INSTRUCTIONS TO FOLLOW - Among the records that follow, find each line holding the word "Wool" and copy it.

SOURCE MATERIAL -
========================================
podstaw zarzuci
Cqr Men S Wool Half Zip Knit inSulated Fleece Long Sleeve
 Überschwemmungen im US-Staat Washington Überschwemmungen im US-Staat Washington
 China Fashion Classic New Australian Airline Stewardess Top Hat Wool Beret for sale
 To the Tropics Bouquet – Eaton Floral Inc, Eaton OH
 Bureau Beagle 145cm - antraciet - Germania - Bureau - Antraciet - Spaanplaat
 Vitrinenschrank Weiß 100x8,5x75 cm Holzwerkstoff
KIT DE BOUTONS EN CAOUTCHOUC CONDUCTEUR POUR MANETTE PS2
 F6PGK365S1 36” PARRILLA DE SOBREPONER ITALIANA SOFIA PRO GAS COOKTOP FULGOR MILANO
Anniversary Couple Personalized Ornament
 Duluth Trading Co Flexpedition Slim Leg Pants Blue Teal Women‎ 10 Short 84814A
========================================
EXERCISE RESPONSE -
Cqr Men S Wool Half Zip Knit inSulated Fleece Long Sleeve
 China Fashion Classic New Australian Airline Stewardess Top Hat Wool Beret for sale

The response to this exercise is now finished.